Deputy Minister of Higher Education and Training Mduduzi Manana. File photo.
Image: Elmond Jiyane

All graduates - irrespective of whether their education was privately funded or paid for through the National Student Financial Aid Scheme - might soon be forced to undertake a year of community service.

This is according to the ANC national executive committee's sub-committee on education and health, which said yesterday that it would implement the proposal in the next five years.

Committee chairman Naledi Pandor, the home affairs minister, and committee member Mduduzi Manana, deputy minister of higher education and training, tried to allay graduates' fears that they would be forced to postpone their entry into the labour market to undertake compulsory menial work in the public service.

They said graduates would spend a year gaining experience relevant to what they had studied.

"This would not be in-service training," said Manana.

At the ANC's elective conference in Mangaung, Free State, in December 2012, delegates of the conference's education and health commission resolved that consideration "must be given to a graduate tax for all graduates from higher education institutions".

The tax was intended to bolster the coffers of the National Student Financial Aid Scheme, which was expected to play a bigger role in the state's plans for free education for all undergraduate s.

The tax proposal was scrapped after a huge outcry.

The ANC committee proposed that community service first be imposed on all graduate students who had received bursaries or loans from an aid scheme and later on all graduates.

The idea has drawn mixed reactions, with some commentators giving it the green light on condition it is properly implemented.

Professor Servaas van der Berg, of Stellenbosch University , dismissed the idea as "sub-optimal" and derided it as a waste of valuable time.

"It will not work.
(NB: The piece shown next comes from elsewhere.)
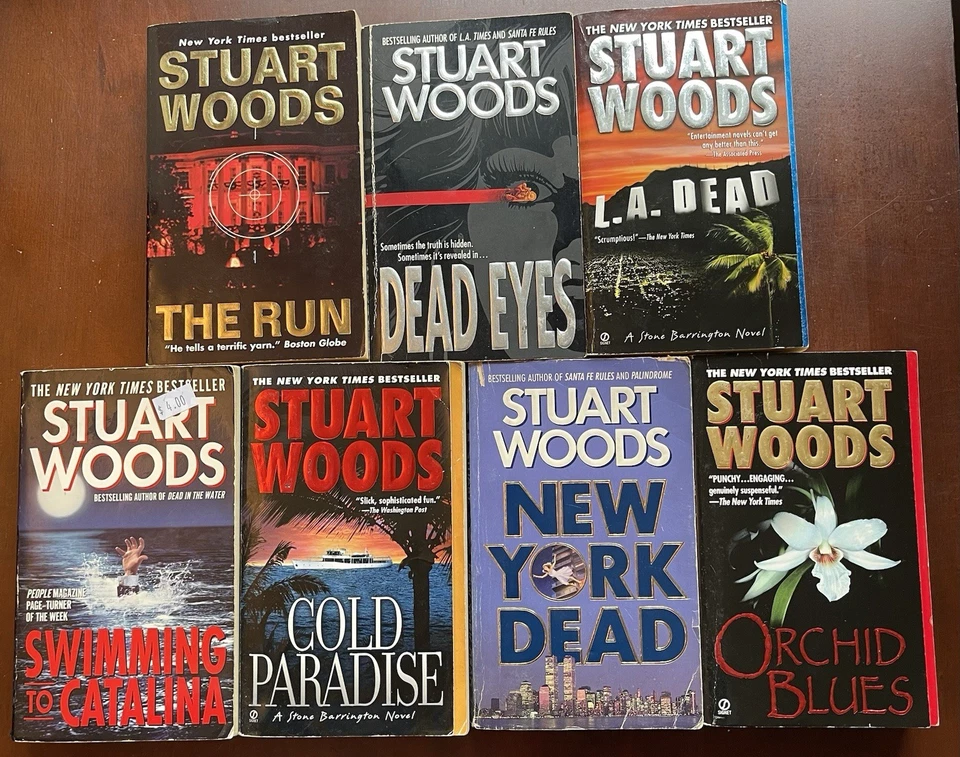 Lot of 7 Stuart Woods Book Detective Stone Barrington Paperback Foto 1 de 2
All it would do is postpone the period within which one would have entered the labour market by a year," said Van der Berg.

"People will be . put in jobs in which they will be under-utilised."

And the notion that there is a large number of unemployed graduates with degrees who need practical training to find a job had been exaggerated, Van der Berg said.

He noted that Stats SA's labour force survey showed that the number of degreed graduates in employment was about 55000.

However, it showed that about 340000 graduates, including holders of diplomas and certificates, were without a job in 2011.

Education specialist Graeme Bloch conditionally supported the idea.

For the whole thing to be workable there would have to be skills transference, he said.

There would be additional strain on the fiscus because graduates would get a stipend for their year in public service.

Bloch suggested that funds assigned to the Expanded Public Works Programme be redirected to the community service initiative.

Luzuko Buku, general secretary of the SA Students' Congress, said he did not know "where the money will emerge from".

"Whatever its make-up, there must be consultation [with graduates] and people should not be forced to work in unbearable conditions."

Bloch predicted that students would not like the idea but urged them to see the positive side.

"You have to use your degree to give back," Bloch said.